Riverside used phone calls, social media and its website to explain how response repairs could continue in a safe way during lockdown
The easing of lockdown restrictions in June stoked concerns among residents over face-to-face interactions, presenting social landlords with a real challenge in remobilising their responsive repairs services.
When Riverside’s asset services team consulted with its residents post-lockdown, it was obvious that ongoing uncertainty around COVID-19 created a need to be very clear about its safety measures, including how it was following the government’s advice when working in homes.
Reassurance was key, with Riverside Group wanting to convey information directly to its residents about how specific repairs and gas servicing appointments were continuing with COVID-19 safety measures in place.
Starting with phone calls, the group’s marketing and communications department contacted customers to explain the safety measures for appointments and to see if anyone was shielding or self-isolating. Each customer was then sent a confirmation SMS with a link to a specially created animation video.

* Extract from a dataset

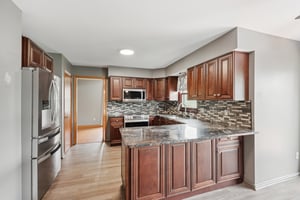 N Glenwood Cir-1405-010.jpg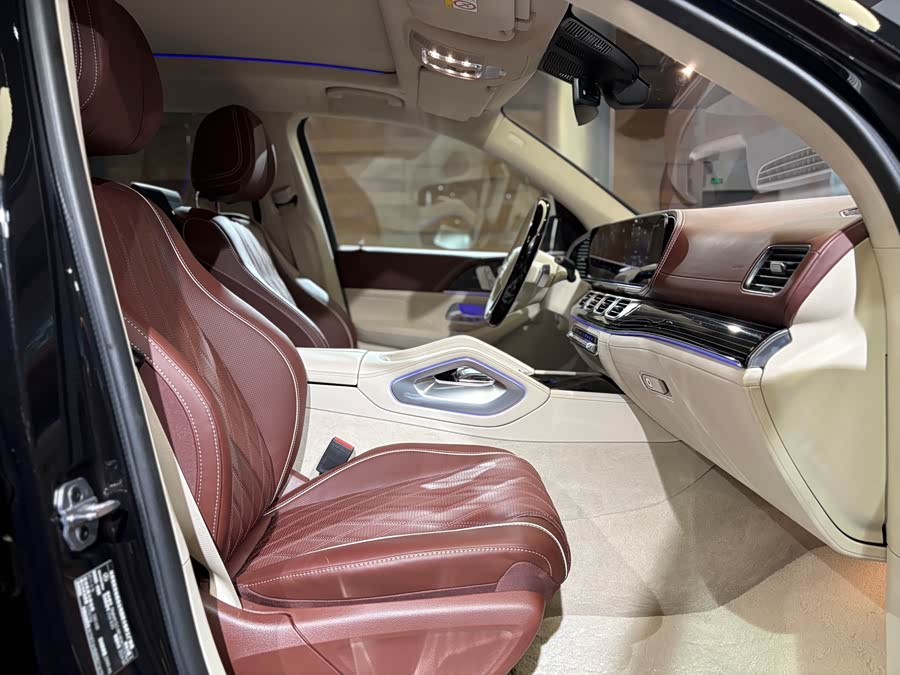 Mercedes-Benz Maybach GLS 2024 صورة سيارة #28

Another video was then made by the team and shared on Riverside’s website and social media platforms. Both videos were also shared internally with colleagues to give a clear understanding of safety measures and advice for customers on how they could help operatives keep them safe during home visits.
“Gas safety and servicing is, very rightly, a high priority for all landlords and Riverside demonstrated a clear commitment to this despite the added difficulties of COVID-19. Communicating with residents got the landlord the results they needed”
Judge Eileen Patterson, director of housing, Radius
With these measures in place, they found little reluctance to book repairs and arrange appointments, with feedback pointing to the videos in particular as providing reassurance that social distancing, necessary PPE and limited contact were in place.
As Iain Hardman, director of building safety at Riverside, explains: “The communications activity, including these videos, really helped us increase access rates for gas safety checks. It helped us achieve 100% customer satisfaction with gas servicing, and over 90% customer satisfaction with our heating repairs service.”
Victor Andrews, Riverside resident and chair of the Riverside Customer Voice Executive, adds: “During this uncertain time, what residents have needed most is to feel safe and reassured. Riverside involved us in their plans at an early stage, heeding our advice to focus their communication on safety and reassurance during this unprecedented period.”
With an uncertain winter ahead, it will be important that the remobilisation continues, with gas safety checks essential to customer safety.